**Your instructions:** From the first line to the last, transcribe the data exactly and skip the pictures.

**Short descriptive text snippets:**
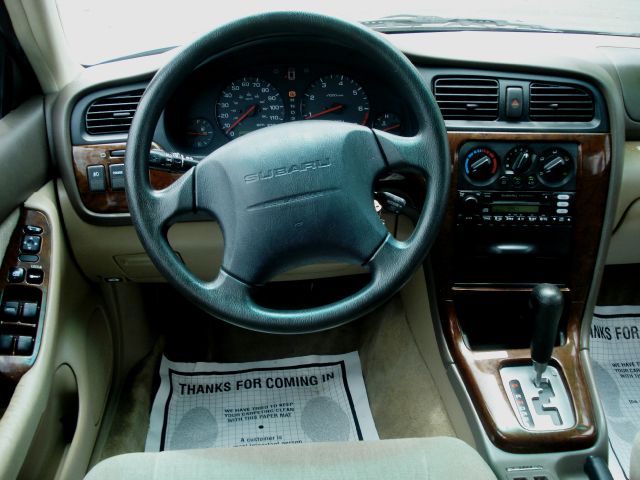 Subaru Outback 2002 photo 1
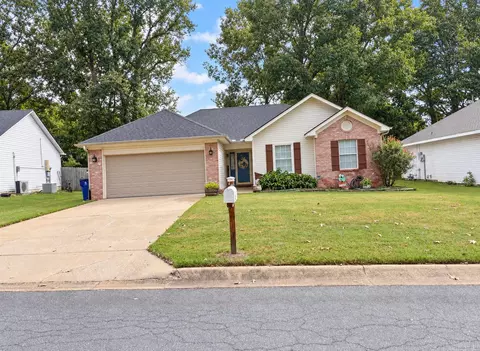 209 Rodney Guthrie Dr, Cabot, AR 72023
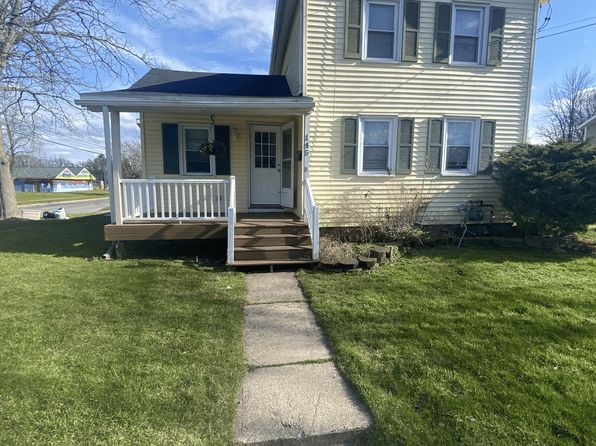 145 Tillotson St, Canandaigua, NY 14424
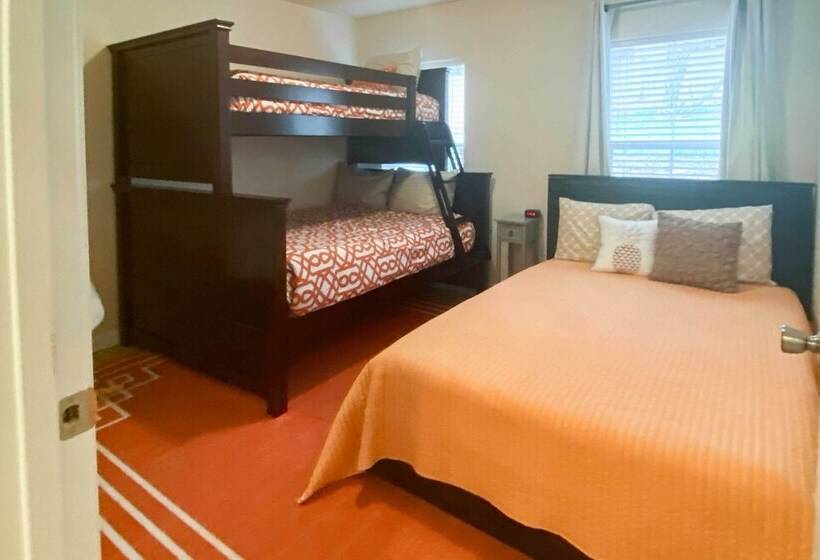 Pet Friendly Home W/ Deck: 1 Mi To Canyon Lake Fun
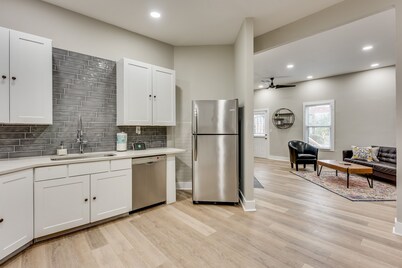 4 Bedroom Home Close to Everything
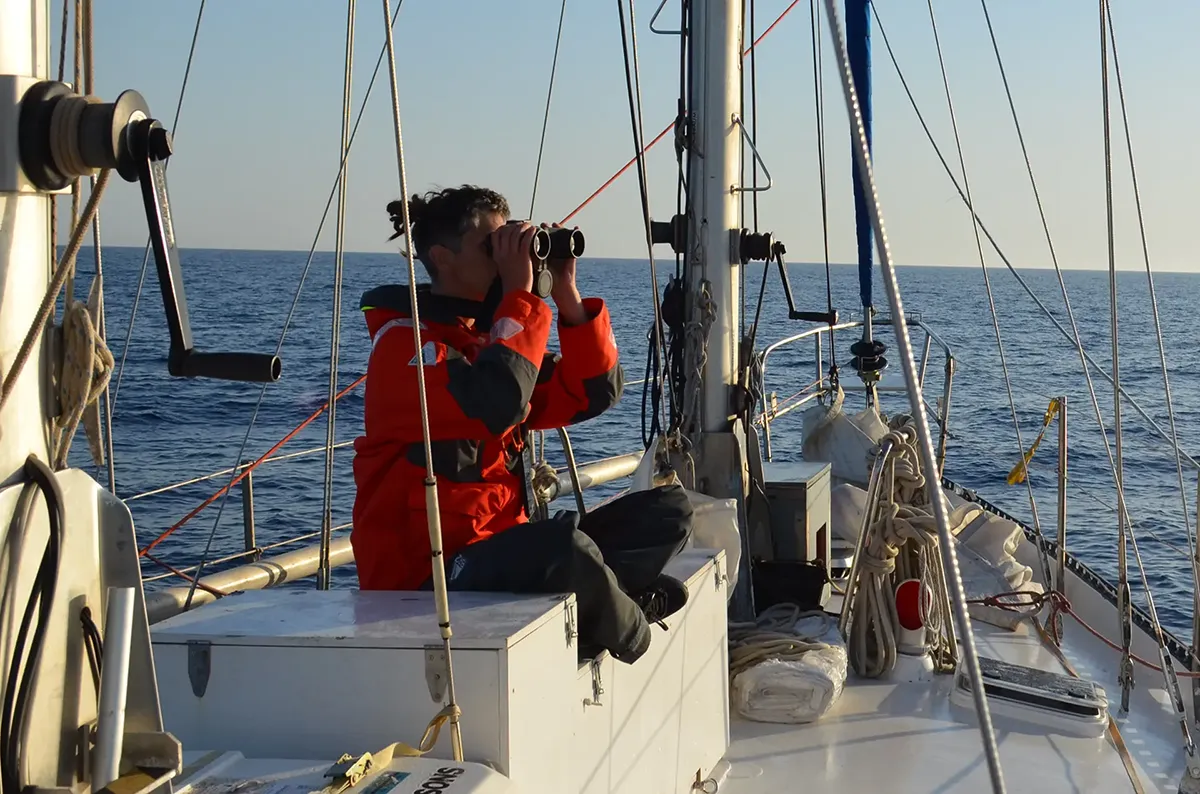 Crewmitglied hält Wache und beobachtet das Meer nach Booten in Seenot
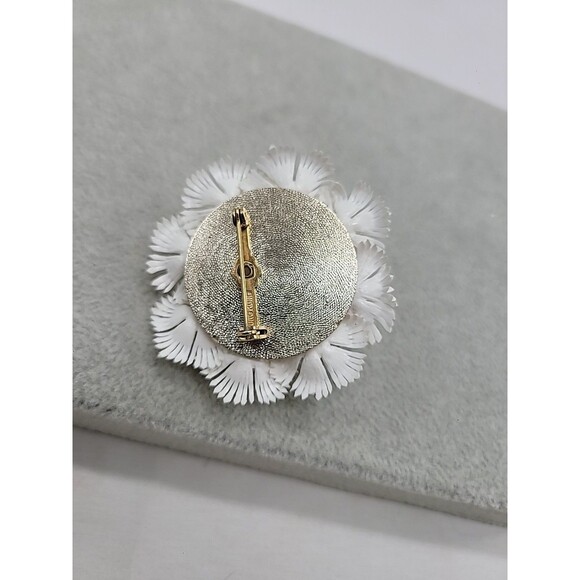 Vintage Daisy Cluster Brooch White Yellow Plastic Bead Domed Flower Hong Kong 2" - Picture 8 of 9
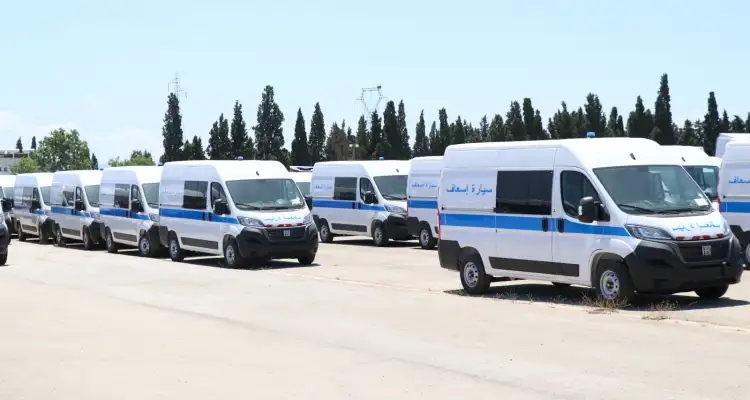 Tunisie : 41 bus médicaux et 47 ambulances bientôt livrés aux hôpitaux publics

**Result for this exercise:**
 Subaru Outback 2002 photo 1
 209 Rodney Guthrie Dr, Cabot, AR 72023
 145 Tillotson St, Canandaigua, NY 14424
 Pet Friendly Home W/ Deck: 1 Mi To Canyon Lake Fun
 4 Bedroom Home Close to Everything
 Crewmitglied hält Wache und beobachtet das Meer nach Booten in Seenot
 Vintage Daisy Cluster Brooch White Yellow Plastic Bead Domed Flower Hong Kong 2" - Picture 8 of 9
 Tunisie : 41 bus médicaux et 47 ambulances bientôt livrés aux hôpitaux publics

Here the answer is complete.